Pas encore
vu les vidéos mais lu l’article.
Finalement,
qu’est-ce une religion ? Et pour aller plus loin : qu’est ce qu’une
idéologie au sens large ? Est-ce une étiquette dont on se réclame, est- ce
un système d’idée et une représentation du monde précise ou est-ce autre
chose ? Si c’est une étiquette, des personnes avec des conceptions très différentes
voire opposées peuvent se réclamer de la même idéologie. Si c’est un système d’idée
spécifique alors n’existe-t-il pas autant d’idéologies que d’individus ? Ces
deux premières hypothèses excluent le monisme idéologique sur lequel va s’appuyer
l’essentialisme.

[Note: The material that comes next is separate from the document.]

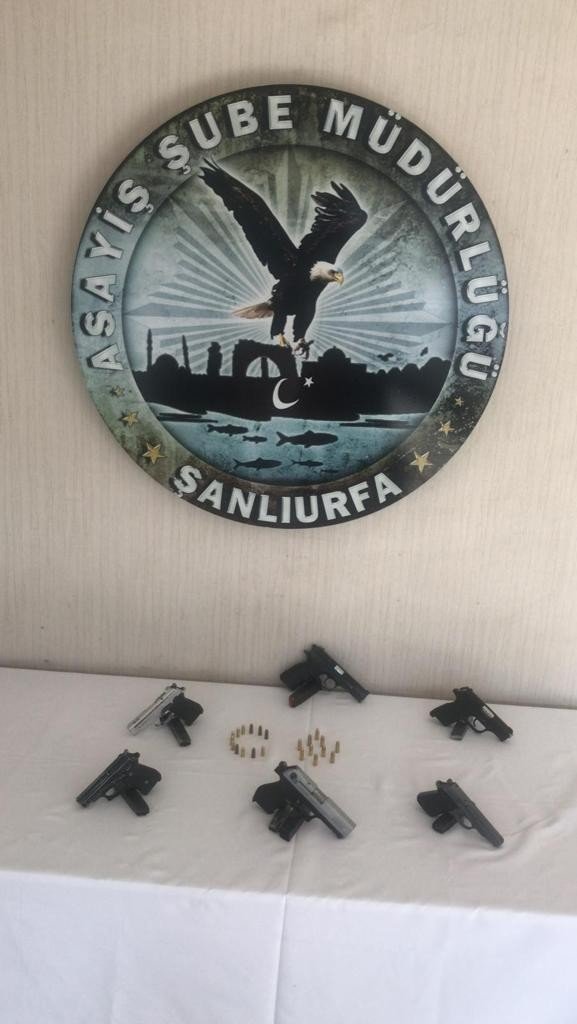 Polisin aradığı zanlı dolabın arkasındaki gizli bölmede yakalandı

Maintenant, si les idéologies sont autre chose qui justifierait
l’essentialisme, il faut nous expliquer ce qu’elles sont.
Jusqu’à cette
explication, pour ma part, les raisonnements essentialisant les idéologies ne
seront que pures incantations sans le plus léger argument solide et roulant tout
entier sur le désir que ce l’on pense est vrai. Et j’admets sans peine que ces
raisonnements sont excitants intellectuellement, ils s’appuient parfois sur des
systèmes métaphysiques qui ont une forte logique interne. Leur problème c’est qu’ils
ne résistent pas à la confrontation aux faits ( à moins de partir dans des
biais de confirmations d’hypothèses de ouf).
Je pense que
l’essentialisme découle pour une part du fait que le langage ordinaire peut
faire naître des croyances sur la réalité d’entités dont l’existence n’est que
purement langagière : l’expression humaine brouille les frontières entre les
mots et les choses et finit parfois par prêter aux choses des propriétés qui ne
sont que celles du discours. Et au bout de la route, on en arrive à la réification :
les individus ne comptent plus, ils ne sont plus que les marionnettes d’une
entité réifiée qui tire les ficelles pour accomplir un projet et qui agit comme
si elle était elle-même une personne doté d’une vision du monde et d’une
stratégie. Lorsque quelqu’un commence à véritablement croire que l’islam, le
christianisme, le communisme, le capitalisme etc. « souhaite que », « veut
faire en sorte que » etc. , les carottes sont cuites, on pénètre dans une
dimension surnaturelle dans laquelle l’argumentation rationnelle ne vaut plus rien.
Ce qui est
marrant avec ces conceptions essentialistes critiquant les religions, c’est qu’au
départ elles consistent à critiquer les croyances mais par la magie du langage,
elles se transforment progressivement elles-mêmes en croyances. La différence
étant que les croyants ont tout à fait conscience d’être des croyants, ils l’assument
totalement, les essentialistes, eux, sont en quelque sorte dupes de leur
propres croyances. Le plus drôle, c’est lorsque par exemple des anti-islams
essentialistes débattent à bâtons rompus avec des musulmans pour déterminer ce
qu’est l’islam véritable, c’est exactement le même genre de débats qu’on
retrouve très souvent entre croyants d’une même religion qui en ont une
conception différente.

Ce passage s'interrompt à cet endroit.